Consumare è d’obbligo
L’imperativo del partito “consumista” cinese, come è stato ribattezzato, è quello di spostare i soldi dal pubblico al privato, dallo stato ai cittadini. Consumare è d’obbligo, l’idea di felicità è stata accumunata a quella del benessere. Non a caso da un’indagine della Tsinghua University di Pechino emerge che il 92% dei cinesi si dichiara infelice, il 70% spaventato dalle difficoltà della vita e che l’80% dei salariati usa psicofarmaci per sopravvivere alle difficoltà dell’ambiente di lavoro. La ricerca del benessere personale, che ai tempi di Mao era considerato un lusso borghese, è un tabù ormai infranto. Per la prima volta nella storia i cinesi si confrontano con le inquietudini del liberismo (fare soldi e carriera). E il numero dei suicidi sul posto di lavoro continua ad aumentare. La dirigenza cinese ha appreso una grande lezione dalla crisi economica mondiale: la Cina non può affidare le proprie sorti economiche all’export. Mezzo mondo ha ridotto gli ordini, ed il gigante d’Oriente ha visto vacillare i propri piedi d’argilla. Quindi il rimedio è sostituire il mercato estero con quello interno, la felicità sta nel bene privato e non più in quello pubblico. Quindi, come ha sostenuto il premier Wen Jiabao, la valutazione dei funzionari sarà fatta sul Pil delle regioni, e non più su progetti, autostrade, ponti, treni-missile o grattacieli che siano. I cinesi, che tengono ancora i soldi sotto il materasso, soprattutto per comprare le case che i figli maschi devono portare in dote al matrimonio, e per evitare di morire per strada se ammalati, devono tirar fuori i risparmi e comprare automobili, televisori, frigoriferi, che saranno il simbolo, anche estetico, del loro benessere.

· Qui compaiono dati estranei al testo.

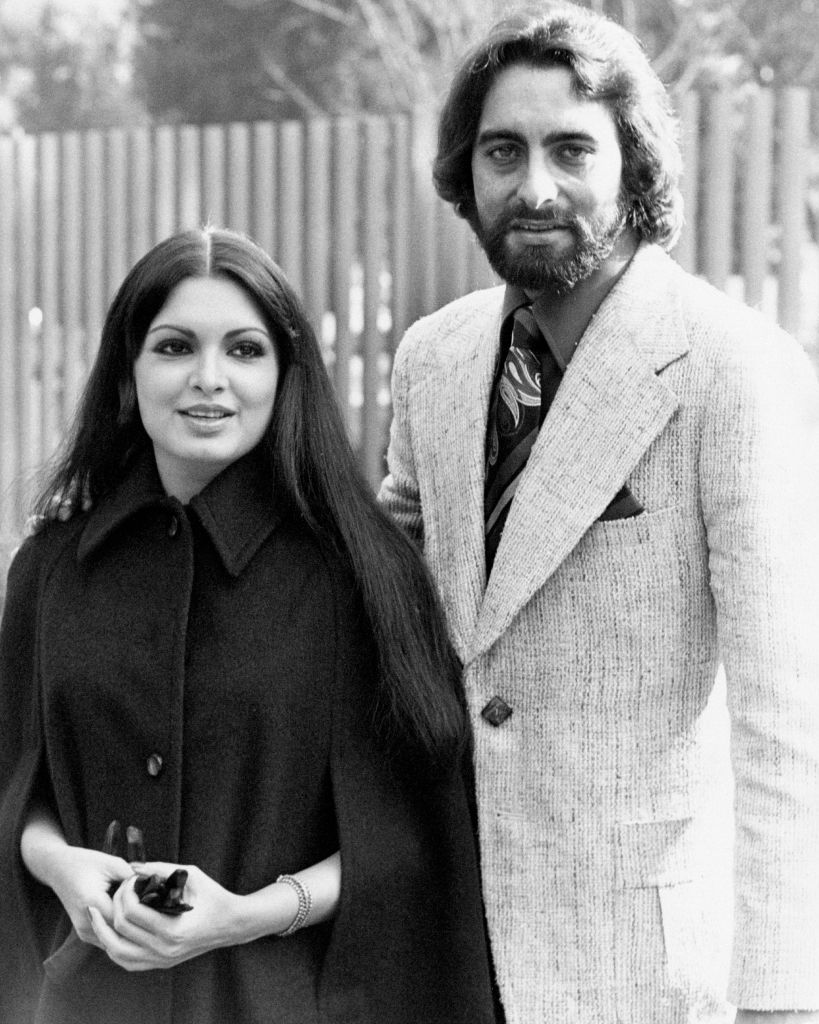 indian actor kabir bedi smiling with his partner, the indian actress parveen babi rome, 20th january 1976 photo by mario notarangelomondadori via getty images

Il nuovo piano economico quinquennale
Il nuovo piano economico quinquennale si muove essenzialmente su tre direttrici: spostare il lavoro dalla manifattura d’esportazione a basso costo alla produzione di beni rivolti ai consumi interni, aumento degli stipendi e diminuzione delle tasse per quelli medio-bassi, e creazione una estesa rete di welfare. Ad ostacolare il piano c’è un nuovo nemico, l’inflazione, che continua a crescere del 5% l’anno, e che raggiunge punte del 10-15 per gli alimentari. Per questo la dirigenza cinese prova a frenare la crescita, e per il 2011 ha rivisto al ribasso le stime, il 7% invece dell’8% preventivato. Obiettivo difficile da raggiungere, visto che nel 2010 il Pil ha fatto registrare un + 10%. Wen Jiabao ha fatto sapere che la rivalutazione dello yuan sarà lenta e controllata, proprio il contrario di quanto gli aveva chiesto Barack Obama qualche mese fa. I fondi cinesi, che hanno investito miliardi di dollari per salvare le barcollanti economie d’Occidente, avranno meno soldi da distribuire all’estero, perché una massa enorme di denaro sarà rivolta a sostenere i consumi interni. Per evitare, peraltro, che il germoglio delle ribellioni arabe possa attecchire anche a Pechino.

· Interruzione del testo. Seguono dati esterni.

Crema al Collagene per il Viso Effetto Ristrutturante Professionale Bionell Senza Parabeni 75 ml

Ridurre gli squilibri sociali
Sono ancora enormi gli squilibri fra i miliardari e la massa informe dei miserabili che vivono nelle zone rurali ed ai margini delle città, come è enorme il divario fra l’ interno del paese, che ancora non si è affrancato dal Medioevo, e le metropoli futuristiche come Shanghai e Canton. Un altro problema è costituito dall’eventualità, non troppo remota, di una bolla immobiliare: per ovviare, credito a go-go e sviluppo sfrenato dell’edilizia popolare: entro il 2015 saranno consegnati 36 milioni di alloggi popolari, potrebbe abitarci comodamente tutta l’Italia. Ancora: investimenti, e tanti, nella cultura, nella ricerca scientifica, nell’istruzione. Le possibilità che questo ambiziosissimo piano possa realizzarsi sono legate alla capacità della dirigenza cinese di affrontare la sfida in modo monolitico, senza dividersi fra le pulsioni nazionalistiche legate all’esercito e le spinte contrapposte delle lobby economiche, che rischiano di far naufragare il tutto, o quantomeno di rallentarlo.

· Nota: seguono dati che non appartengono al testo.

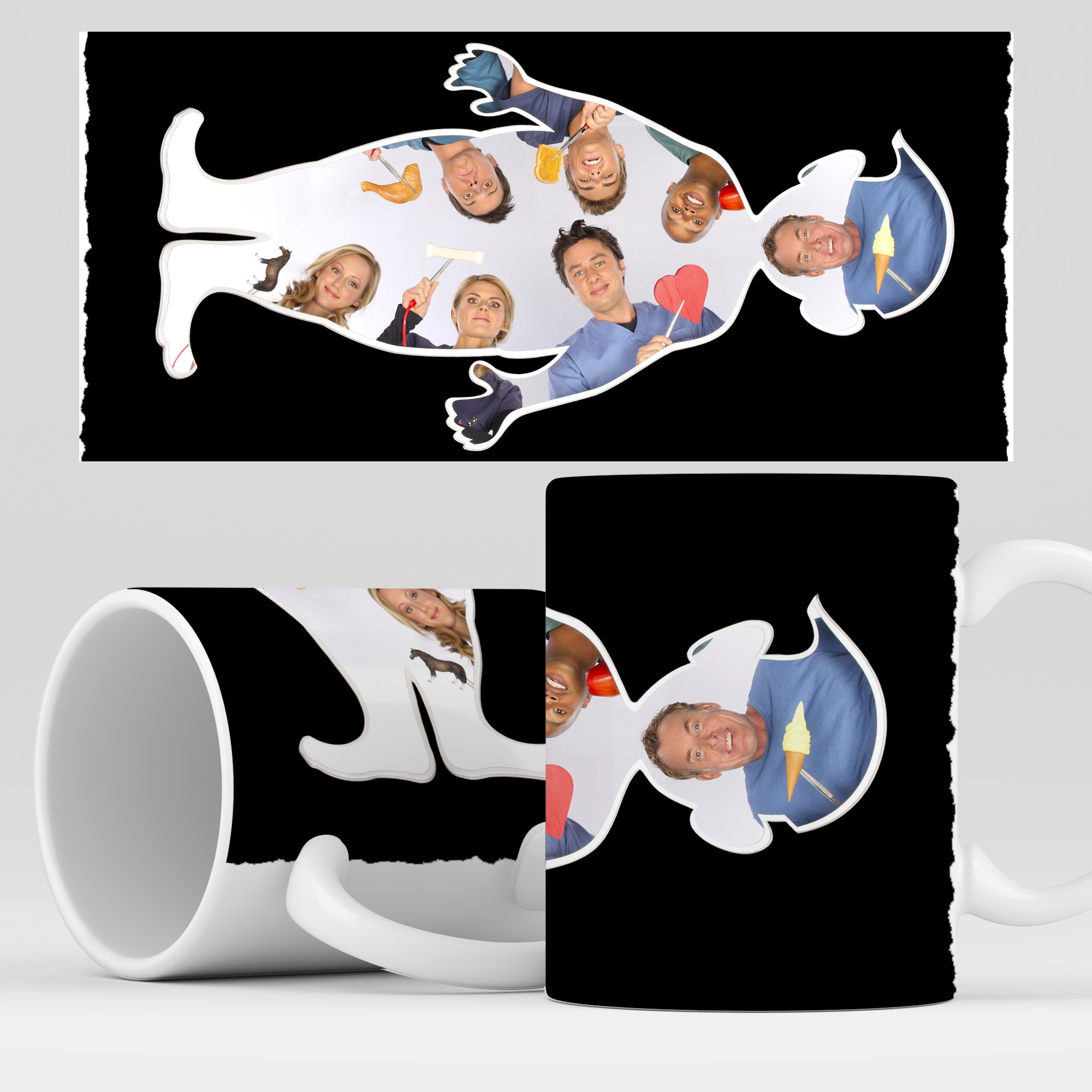 

Кружка RocketCup с принтом "Клиника" сериал Кружка для чая, Клиника11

Diritti civili e libertà individuali, il problema dei problemi
Per ultimo, ma non in ordine d’importanza, il problema legato ai diritti civili ed alle libertà personali, ancora barattati in cambio del liberismo economico. E’ difficile pensare che milioni di persone, che ormai hanno un elevato grado di istruzione, possano rinunciare a diritti fondamentali in cambio di un’auto nuova ed un televisore al plasma. Sarà quella la vera sfida che la dirigenza cinese deve affrontare. (M.I.)